**What to work on**
Would you give the listing again exactly as written, minus its pictures?

**Data shown**

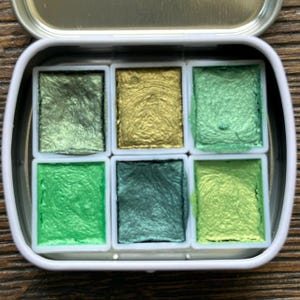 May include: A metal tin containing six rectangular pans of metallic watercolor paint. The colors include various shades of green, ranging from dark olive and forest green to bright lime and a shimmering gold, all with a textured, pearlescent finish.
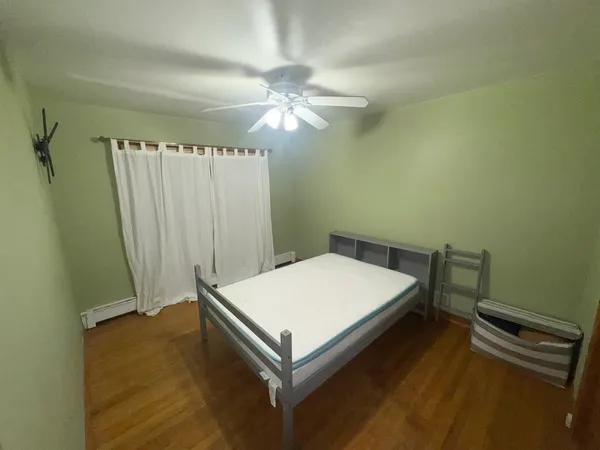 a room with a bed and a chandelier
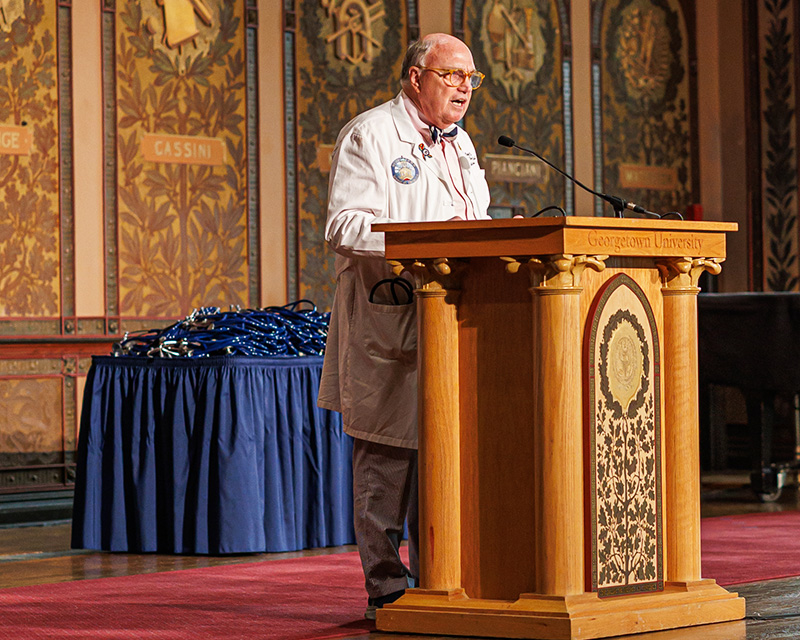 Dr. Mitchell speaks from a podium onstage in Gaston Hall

**Task solution**
 May include: A metal tin containing six rectangular pans of metallic watercolor paint. The colors include various shades of green, ranging from dark olive and forest green to bright lime and a shimmering gold, all with a textured, pearlescent finish.
 a room with a bed and a chandelier
 Dr. Mitchell speaks from a podium onstage in Gaston Hall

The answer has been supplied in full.